▸ Raw data:
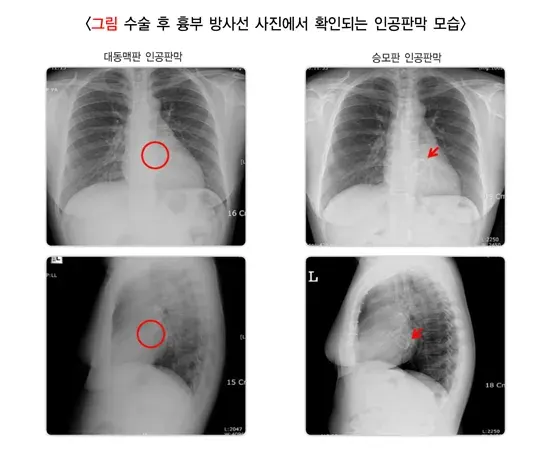 심장 판막 질환 치료 설명 이미지 4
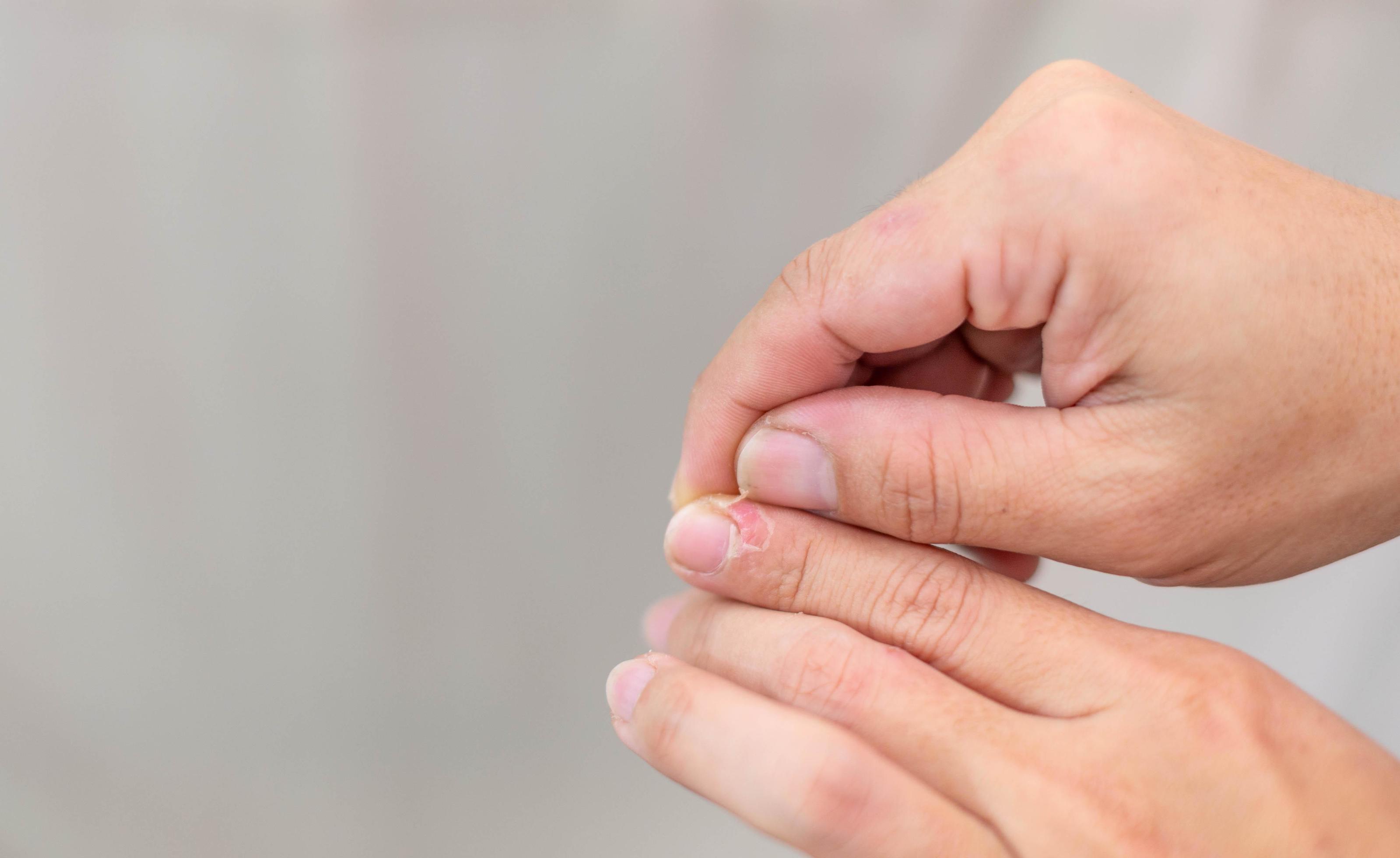 Female hand torning dry, cracked skin on cuticles, skin is torn and flaking off should be treat with the moisturizer for repair. 14753082 Stock Photo at Vecteezy Female hand torning dry, cracked skin on cuticles, skin is torn and flaking off should be treat with the moisturizer for repair. 14753082 Stock Photo at Vecteezy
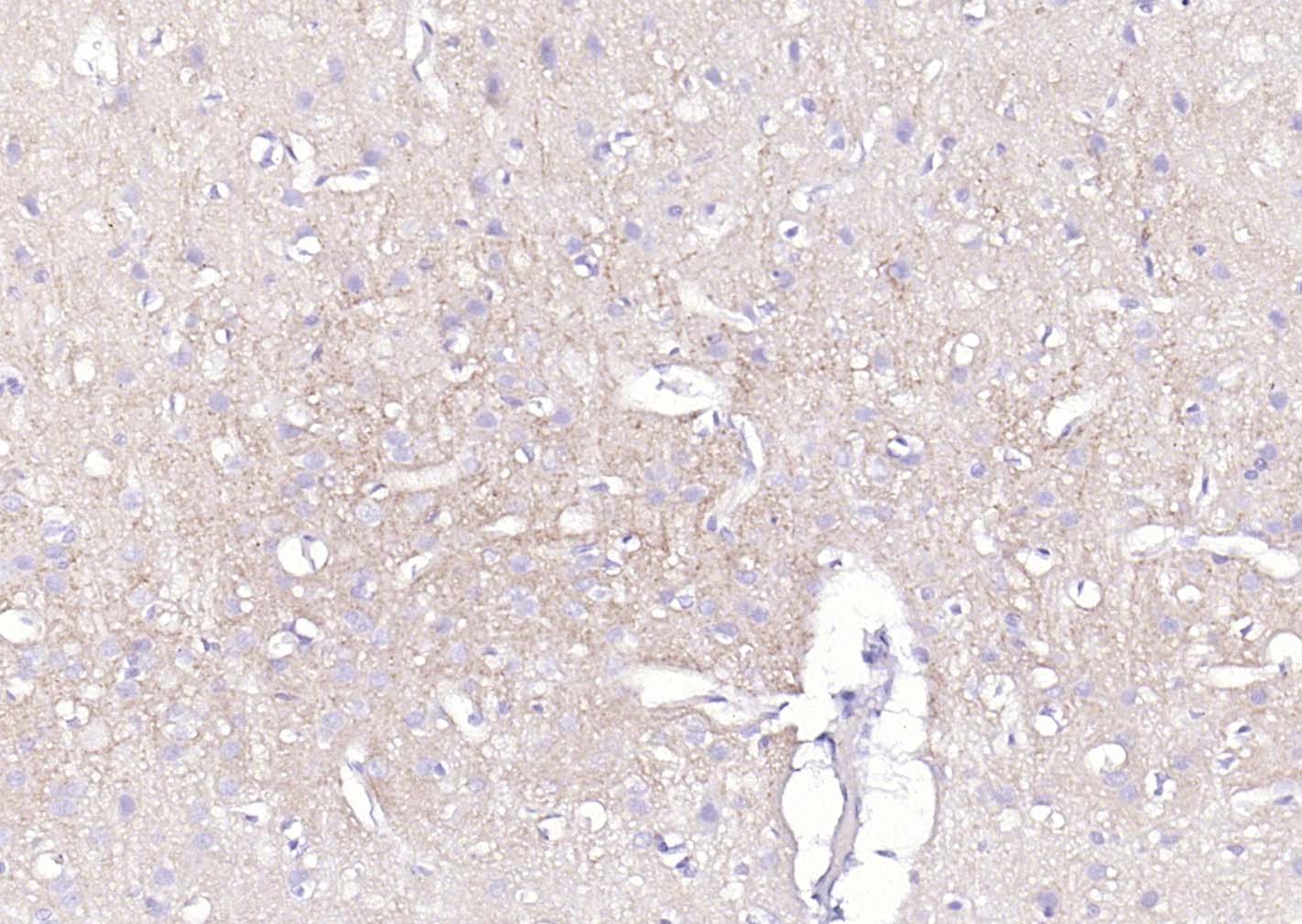 Na+/K+-ATPase α1 钠钾ATP酶α1抗体-bs-9570R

▸ What you need to do: With the pictures set aside, copy each line above as written.

▸ Written reply:
 심장 판막 질환 치료 설명 이미지 4
 Female hand torning dry, cracked skin on cuticles, skin is torn and flaking off should be treat with the moisturizer for repair. 14753082 Stock Photo at Vecteezy Female hand torning dry, cracked skin on cuticles, skin is torn and flaking off should be treat with the moisturizer for repair. 14753082 Stock Photo at Vecteezy
 Na+/K+-ATPase α1 钠钾ATP酶α1抗体-bs-9570R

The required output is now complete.